Method 1: Extending the Thread Class

This approach involves creating a subclass of Thread and overriding its run() method with your code:

java

public class MyThread extends Thread {
    @Override
    public void run() {
        System.out.println("Thread is running: " + Thread.currentThread().getName());
        // Your thread code goes here
        for (int i = 0; i < 5; i++) {
            System.out.println(Thread.currentThread().getName() + ": " + i);
            try {
                Thread.sleep(500); // Pausing execution for 500 milliseconds
            } catch (InterruptedException e) {
                System.out.println("Thread interrupted");
            }
        }
    }
}

To use this thread:

java

public class ThreadExample {
    public static void main(String[] args) {
        System.out.println("Main thread starting...");
        
        // Creating thread objects
        MyThread thread1 = new MyThread();
        MyThread thread2 = new MyThread();
        
        // Setting names for easier identification
        thread1.setName("Thread-1");
        thread2.setName("Thread-2");
        
        // Starting the threads
        thread1.start();
        thread2.start();
        
        System.out.println("Main thread continues executing...");
    }
}

Output:

Main thread starting...
Main thread continues executing...
Thread is running: Thread-1
Thread is running: Thread-2
Thread-1: 0
Thread-2: 0
Thread-1: 1
Thread-2: 1
Thread-1: 2
Thread-2: 2
Thread-1: 3
Thread-2: 3
Thread-1: 4
Thread-2: 4

Note: The exact order of thread execution may vary between runs, which is an important characteristic of multithreaded programs.
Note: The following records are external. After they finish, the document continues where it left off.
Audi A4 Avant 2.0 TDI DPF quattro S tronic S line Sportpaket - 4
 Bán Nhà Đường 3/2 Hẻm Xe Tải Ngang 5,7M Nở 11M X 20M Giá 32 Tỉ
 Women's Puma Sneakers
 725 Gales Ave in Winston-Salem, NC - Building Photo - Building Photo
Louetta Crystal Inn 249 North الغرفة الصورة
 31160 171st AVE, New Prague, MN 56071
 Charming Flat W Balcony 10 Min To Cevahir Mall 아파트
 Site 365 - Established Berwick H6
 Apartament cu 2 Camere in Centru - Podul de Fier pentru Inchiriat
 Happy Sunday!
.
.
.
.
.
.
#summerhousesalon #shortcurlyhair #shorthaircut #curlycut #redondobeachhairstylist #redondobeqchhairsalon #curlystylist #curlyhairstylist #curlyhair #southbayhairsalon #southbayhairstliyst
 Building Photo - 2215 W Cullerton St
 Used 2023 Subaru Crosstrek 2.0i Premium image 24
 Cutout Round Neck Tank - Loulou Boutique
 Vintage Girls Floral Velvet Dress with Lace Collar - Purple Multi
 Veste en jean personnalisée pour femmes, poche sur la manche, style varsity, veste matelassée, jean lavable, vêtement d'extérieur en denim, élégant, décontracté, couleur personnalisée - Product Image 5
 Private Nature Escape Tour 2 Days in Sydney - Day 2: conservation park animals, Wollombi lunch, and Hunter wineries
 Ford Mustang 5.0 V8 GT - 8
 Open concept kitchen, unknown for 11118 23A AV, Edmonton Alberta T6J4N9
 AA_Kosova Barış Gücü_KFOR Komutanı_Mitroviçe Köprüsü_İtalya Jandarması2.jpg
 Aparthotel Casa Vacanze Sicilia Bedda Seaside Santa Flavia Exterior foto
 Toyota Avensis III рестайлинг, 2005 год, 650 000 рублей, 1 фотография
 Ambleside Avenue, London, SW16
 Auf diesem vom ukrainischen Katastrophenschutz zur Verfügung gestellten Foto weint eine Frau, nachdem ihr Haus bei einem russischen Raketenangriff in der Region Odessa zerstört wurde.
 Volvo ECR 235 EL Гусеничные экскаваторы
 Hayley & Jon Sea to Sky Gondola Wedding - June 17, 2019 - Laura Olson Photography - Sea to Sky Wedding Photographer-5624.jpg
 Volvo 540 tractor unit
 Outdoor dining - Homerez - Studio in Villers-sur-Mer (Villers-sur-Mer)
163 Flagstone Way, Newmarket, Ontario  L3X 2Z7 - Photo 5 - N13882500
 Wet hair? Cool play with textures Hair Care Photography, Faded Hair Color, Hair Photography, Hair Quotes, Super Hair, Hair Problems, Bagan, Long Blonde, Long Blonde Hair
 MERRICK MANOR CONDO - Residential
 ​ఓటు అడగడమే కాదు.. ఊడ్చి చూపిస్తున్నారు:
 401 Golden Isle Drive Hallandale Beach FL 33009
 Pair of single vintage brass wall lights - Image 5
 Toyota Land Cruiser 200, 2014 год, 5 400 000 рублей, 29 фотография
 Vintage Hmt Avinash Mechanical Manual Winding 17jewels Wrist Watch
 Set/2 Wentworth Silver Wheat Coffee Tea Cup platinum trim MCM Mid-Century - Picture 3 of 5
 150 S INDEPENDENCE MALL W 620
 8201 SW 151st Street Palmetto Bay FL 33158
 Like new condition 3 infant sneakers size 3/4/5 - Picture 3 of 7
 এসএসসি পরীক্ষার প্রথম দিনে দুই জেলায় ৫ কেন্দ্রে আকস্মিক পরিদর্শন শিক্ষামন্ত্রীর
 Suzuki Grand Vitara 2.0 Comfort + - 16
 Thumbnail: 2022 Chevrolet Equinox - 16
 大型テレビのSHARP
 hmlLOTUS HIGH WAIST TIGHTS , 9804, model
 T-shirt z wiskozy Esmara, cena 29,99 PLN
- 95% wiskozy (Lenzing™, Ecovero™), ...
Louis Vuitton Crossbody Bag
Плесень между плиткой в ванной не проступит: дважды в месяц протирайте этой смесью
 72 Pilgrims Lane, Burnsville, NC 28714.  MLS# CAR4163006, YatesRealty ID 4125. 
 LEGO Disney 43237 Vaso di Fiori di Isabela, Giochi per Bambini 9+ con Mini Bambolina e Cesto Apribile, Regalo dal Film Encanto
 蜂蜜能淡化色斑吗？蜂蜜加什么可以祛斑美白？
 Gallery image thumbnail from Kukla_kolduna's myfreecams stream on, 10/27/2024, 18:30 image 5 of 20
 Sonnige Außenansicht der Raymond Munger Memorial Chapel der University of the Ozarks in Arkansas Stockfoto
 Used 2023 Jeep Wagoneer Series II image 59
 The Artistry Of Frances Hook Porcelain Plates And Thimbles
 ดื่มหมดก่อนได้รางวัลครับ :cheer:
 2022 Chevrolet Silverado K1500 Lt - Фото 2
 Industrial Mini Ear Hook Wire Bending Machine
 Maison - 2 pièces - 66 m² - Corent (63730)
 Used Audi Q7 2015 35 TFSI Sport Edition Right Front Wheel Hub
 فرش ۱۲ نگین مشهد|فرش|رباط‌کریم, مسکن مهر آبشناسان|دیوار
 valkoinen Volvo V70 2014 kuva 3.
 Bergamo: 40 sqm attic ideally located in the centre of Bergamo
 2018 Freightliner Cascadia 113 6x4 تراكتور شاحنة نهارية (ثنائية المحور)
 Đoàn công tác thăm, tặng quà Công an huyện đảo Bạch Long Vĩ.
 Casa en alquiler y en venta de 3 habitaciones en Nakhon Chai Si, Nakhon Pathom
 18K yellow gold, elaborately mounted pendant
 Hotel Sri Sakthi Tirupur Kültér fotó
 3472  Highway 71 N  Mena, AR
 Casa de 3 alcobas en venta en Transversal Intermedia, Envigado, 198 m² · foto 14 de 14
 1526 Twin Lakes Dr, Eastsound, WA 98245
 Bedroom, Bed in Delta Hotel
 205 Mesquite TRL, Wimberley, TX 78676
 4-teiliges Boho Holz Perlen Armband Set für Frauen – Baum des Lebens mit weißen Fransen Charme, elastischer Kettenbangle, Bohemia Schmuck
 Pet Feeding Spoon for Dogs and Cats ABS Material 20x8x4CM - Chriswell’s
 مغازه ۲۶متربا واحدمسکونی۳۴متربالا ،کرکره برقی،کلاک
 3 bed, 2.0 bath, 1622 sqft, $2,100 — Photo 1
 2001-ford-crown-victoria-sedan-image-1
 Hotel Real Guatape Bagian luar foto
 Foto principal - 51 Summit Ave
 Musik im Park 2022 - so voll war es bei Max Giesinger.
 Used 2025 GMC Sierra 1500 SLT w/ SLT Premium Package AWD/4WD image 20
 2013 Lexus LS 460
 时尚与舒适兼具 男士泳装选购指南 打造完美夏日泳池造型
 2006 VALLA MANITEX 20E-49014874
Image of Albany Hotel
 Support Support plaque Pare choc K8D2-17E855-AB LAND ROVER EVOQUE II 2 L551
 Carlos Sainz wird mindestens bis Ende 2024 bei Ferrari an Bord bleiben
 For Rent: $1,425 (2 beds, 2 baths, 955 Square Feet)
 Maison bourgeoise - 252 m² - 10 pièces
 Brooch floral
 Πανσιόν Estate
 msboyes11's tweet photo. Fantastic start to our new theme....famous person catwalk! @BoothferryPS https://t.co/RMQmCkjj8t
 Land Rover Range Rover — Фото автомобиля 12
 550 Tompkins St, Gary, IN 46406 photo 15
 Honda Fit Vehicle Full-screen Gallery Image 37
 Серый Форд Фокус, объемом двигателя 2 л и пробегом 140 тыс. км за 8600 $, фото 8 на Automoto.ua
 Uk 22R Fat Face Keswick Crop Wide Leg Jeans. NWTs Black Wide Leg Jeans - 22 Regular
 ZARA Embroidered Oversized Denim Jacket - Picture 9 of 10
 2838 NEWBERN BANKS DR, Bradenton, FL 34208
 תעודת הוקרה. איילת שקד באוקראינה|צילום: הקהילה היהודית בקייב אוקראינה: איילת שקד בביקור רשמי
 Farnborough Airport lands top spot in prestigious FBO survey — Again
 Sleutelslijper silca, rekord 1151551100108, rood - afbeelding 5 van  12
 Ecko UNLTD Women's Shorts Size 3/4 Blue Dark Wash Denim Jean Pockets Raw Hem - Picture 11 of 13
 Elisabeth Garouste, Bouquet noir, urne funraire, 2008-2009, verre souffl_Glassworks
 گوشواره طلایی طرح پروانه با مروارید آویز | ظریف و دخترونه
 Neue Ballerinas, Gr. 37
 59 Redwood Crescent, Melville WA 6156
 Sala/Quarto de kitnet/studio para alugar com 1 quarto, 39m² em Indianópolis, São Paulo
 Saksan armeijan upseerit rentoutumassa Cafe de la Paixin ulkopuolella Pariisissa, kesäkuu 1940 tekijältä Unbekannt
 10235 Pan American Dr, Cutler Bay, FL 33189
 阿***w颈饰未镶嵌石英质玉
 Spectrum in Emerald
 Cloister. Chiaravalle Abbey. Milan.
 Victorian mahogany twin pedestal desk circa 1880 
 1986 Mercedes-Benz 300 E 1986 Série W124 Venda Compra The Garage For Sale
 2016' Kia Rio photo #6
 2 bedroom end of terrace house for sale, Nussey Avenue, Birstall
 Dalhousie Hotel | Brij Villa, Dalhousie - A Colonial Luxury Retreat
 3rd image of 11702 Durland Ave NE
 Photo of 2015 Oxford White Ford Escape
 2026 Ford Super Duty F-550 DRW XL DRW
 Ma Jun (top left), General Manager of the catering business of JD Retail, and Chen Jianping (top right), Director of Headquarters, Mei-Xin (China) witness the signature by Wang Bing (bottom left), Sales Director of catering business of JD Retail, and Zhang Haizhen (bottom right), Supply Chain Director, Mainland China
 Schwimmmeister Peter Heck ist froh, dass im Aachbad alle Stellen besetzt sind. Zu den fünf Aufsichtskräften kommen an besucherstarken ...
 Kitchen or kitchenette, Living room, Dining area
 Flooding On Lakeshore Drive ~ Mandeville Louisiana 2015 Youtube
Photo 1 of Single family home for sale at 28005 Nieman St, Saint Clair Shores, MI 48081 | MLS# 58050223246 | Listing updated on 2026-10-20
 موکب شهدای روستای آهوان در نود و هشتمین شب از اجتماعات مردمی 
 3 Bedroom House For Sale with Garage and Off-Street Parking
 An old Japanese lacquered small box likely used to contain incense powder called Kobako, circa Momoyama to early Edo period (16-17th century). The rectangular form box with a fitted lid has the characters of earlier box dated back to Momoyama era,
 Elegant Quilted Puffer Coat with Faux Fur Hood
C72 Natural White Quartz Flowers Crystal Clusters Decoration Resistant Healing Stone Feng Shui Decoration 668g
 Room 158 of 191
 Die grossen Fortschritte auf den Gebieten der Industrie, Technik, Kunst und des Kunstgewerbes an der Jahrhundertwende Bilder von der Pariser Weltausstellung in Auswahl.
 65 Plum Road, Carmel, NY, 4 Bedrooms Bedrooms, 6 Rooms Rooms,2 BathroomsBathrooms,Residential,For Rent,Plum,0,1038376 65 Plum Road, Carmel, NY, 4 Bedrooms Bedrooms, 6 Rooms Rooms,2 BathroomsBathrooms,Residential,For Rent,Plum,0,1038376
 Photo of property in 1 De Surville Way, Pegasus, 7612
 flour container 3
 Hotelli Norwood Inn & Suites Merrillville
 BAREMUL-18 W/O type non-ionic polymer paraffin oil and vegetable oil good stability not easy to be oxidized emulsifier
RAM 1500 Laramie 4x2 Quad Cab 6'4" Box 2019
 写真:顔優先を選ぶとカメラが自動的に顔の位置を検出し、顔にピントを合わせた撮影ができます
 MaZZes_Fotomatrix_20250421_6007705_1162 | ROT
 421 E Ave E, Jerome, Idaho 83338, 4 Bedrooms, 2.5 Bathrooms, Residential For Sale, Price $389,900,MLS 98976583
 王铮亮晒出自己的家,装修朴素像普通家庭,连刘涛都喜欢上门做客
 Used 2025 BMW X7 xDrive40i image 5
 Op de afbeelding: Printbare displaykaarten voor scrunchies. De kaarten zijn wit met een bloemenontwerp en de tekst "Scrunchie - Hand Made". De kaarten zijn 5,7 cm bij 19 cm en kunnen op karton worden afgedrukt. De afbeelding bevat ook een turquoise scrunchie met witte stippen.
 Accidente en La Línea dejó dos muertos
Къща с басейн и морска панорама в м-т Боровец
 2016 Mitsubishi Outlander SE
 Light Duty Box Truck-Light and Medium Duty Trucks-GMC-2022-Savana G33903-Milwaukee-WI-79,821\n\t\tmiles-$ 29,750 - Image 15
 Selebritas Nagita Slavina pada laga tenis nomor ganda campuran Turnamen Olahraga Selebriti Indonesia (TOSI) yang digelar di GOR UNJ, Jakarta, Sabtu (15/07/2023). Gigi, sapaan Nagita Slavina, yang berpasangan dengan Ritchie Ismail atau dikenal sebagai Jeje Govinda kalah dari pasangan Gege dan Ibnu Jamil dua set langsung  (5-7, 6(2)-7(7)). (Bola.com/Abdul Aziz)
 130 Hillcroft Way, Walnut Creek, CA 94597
Method 2: Implementing the Runnable Interface

This is the preferred approach as it separates the thread's tasks from its mechanics and doesn't consume your single inheritance opportunity:

java

public class MyRunnable implements Runnable {
    @Override
    public void run() {
        System.out.println("Thread is running: " + Thread.currentThread().getName());
        // Your thread code goes here
        for (int i = 0; i < 5; i++) {
            System.out.println(Thread.currentThread().getName() + ": " + i);
            try {
                Thread.sleep(500);
            } catch (InterruptedException e) {
                System.out.println("Thread interrupted");
            }
        }
    }
}

To use this runnable:

java

public class RunnableExample {
    public static void main(String[] args) {
        System.out.println("Main thread starting...");
        
        // Creating Runnable instance
        MyRunnable runnable = new MyRunnable();
        
        // Creating Thread objects with the Runnable
        Thread thread1 = new Thread(runnable, "Thread-1");
        Thread thread2 = new Thread(runnable, "Thread-2");
        
        // Starting the threads
        thread1.start();
        thread2.start();
        
        System.out.println("Main thread continues executing...");
    }
}

Output:

Main thread starting...
Main thread continues executing...
Thread is running: Thread-1
Thread is running: Thread-2
Thread-1: 0
Thread-2: 0
Thread-2: 1
Thread-1: 1
Thread-1: 2
Thread-2: 2
Thread-2: 3
Thread-1: 3
Thread-1: 4
Thread-2: 4

Method 3: Using Lambda Expressions (Java 8+)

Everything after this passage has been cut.